Why doesn’t Outcome duplicate std::expected<T, E>’s design?

There are a number of reasons:

  1. Outcome is not aimed at the same audience as Expected. We target developers and users who would be happy to use Boost. Expected targets the standard library user.

  2. Outcome believes that the monadic use case isn’t as important as Expected does. Specifically, we think that 99% of use of Expected in the real world will be to return failure from functions, and not as some sort of enhanced or “rich” Optional.
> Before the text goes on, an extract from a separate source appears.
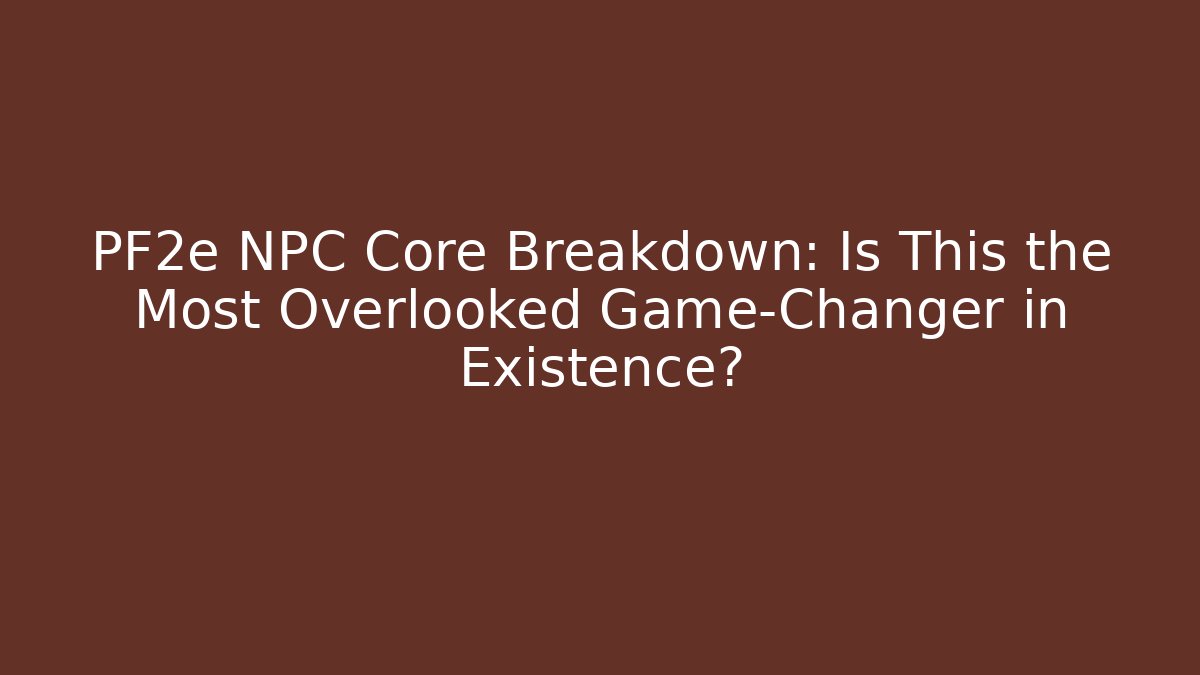 PF2e NPC Core Breakdown: Is This the Most Overlooked Game-Changer in Existence?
Outcome therefore models a subset of Variant, whereas Expected models an extended Optional.

  3. Outcome believes that if you are thinking about using something like Outcome, then for you writing failure code will be in the same proportion as writing success code, and thus in Outcome writing for failure is exactly the same as writing for success. Expected assumes that success will be more common than failure, and makes you type more when writing for failure.

  4. Outcome goes to considerable effort to help the end user type fewer characters during use. This results in tighter, less verbose, more succinct code. The cost of this is a steeper learning curve and more complex mental model than when programming with Expected.

  5. Outcome has facilities to make easier interoperation between multiple third party libraries each using incommensurate Outcome configurations. Expected does not do any of this, but subsequent WG21 papers do propose various interoperation mechanisms, one of which Outcome implements so code using Expected will seamlessly interoperate with code using Outcome.